Reputation: 13
I have a dataframe like this:
name | sentence |
---|---|
Tom | The cat is on the table. |
Bob | One might say that caterpillars are majestic |
I want to get as a result a dataframe like this:
name | sentence | contains_cat |
---|---|---|
Tom | The cat is on the table. | True |
Bob | One might say that caterpillars are majestic | False |
So the column "contains_cat" has to show True only if the corresponding row of column "sentence" contains exactly the word cat (not caterpillar, for example).

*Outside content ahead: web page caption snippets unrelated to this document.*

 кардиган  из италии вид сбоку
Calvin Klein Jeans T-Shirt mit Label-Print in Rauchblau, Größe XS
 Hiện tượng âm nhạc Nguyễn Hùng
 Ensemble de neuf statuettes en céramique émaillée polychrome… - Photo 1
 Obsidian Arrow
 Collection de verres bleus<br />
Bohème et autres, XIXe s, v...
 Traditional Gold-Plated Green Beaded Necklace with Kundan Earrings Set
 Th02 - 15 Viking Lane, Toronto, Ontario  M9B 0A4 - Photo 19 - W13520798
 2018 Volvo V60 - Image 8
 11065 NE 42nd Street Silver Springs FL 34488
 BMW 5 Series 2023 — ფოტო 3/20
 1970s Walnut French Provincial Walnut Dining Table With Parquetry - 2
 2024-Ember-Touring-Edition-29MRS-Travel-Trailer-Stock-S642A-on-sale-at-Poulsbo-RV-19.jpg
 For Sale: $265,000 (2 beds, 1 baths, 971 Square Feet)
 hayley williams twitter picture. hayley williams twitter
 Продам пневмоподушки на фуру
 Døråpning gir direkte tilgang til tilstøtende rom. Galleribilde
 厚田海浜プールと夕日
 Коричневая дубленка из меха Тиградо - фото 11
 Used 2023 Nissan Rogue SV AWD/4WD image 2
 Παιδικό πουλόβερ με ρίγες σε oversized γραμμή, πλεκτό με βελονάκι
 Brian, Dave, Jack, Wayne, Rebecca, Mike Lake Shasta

I wrote a code that does this, searching for words like " cat " or " cat." . Is it possible to speed this up, considering that I'd like to do this for large dataframes and for many words?
import pandas as pd
df = pd.DataFrame({'name': ['Tom', 'Bob'],
'sentence': ['The cat is on the table.', 'One might say that caterpillars are majestic']})
df['contains_cat'] = False
string_to_find = [' cat ',
'Cat ',
' cat.']
for ii in range(0,len(string_to_find)):
df1 = pd.DataFrame({'dummy': [string_to_find[ii]] * len(df)})
df['contains_cat'] = df['contains_cat'] | \
[x[0] in x[1] for x in zip(df1['dummy'], df['sentence'])]
print(df)
Upvotes: 0
Views: 1945
Reputation: 522084
Use str.contains
:
df["contains_cat"] = df["sentence"].str.contains(r'\bcat\b')
Note that the regex pattern \bcat\b
will find exact matches for the word cat
(but not cat
as part of a substring of a larger words such as caterpillar
). Regex search is enabled by default with str.contains
.
Upvotes: 1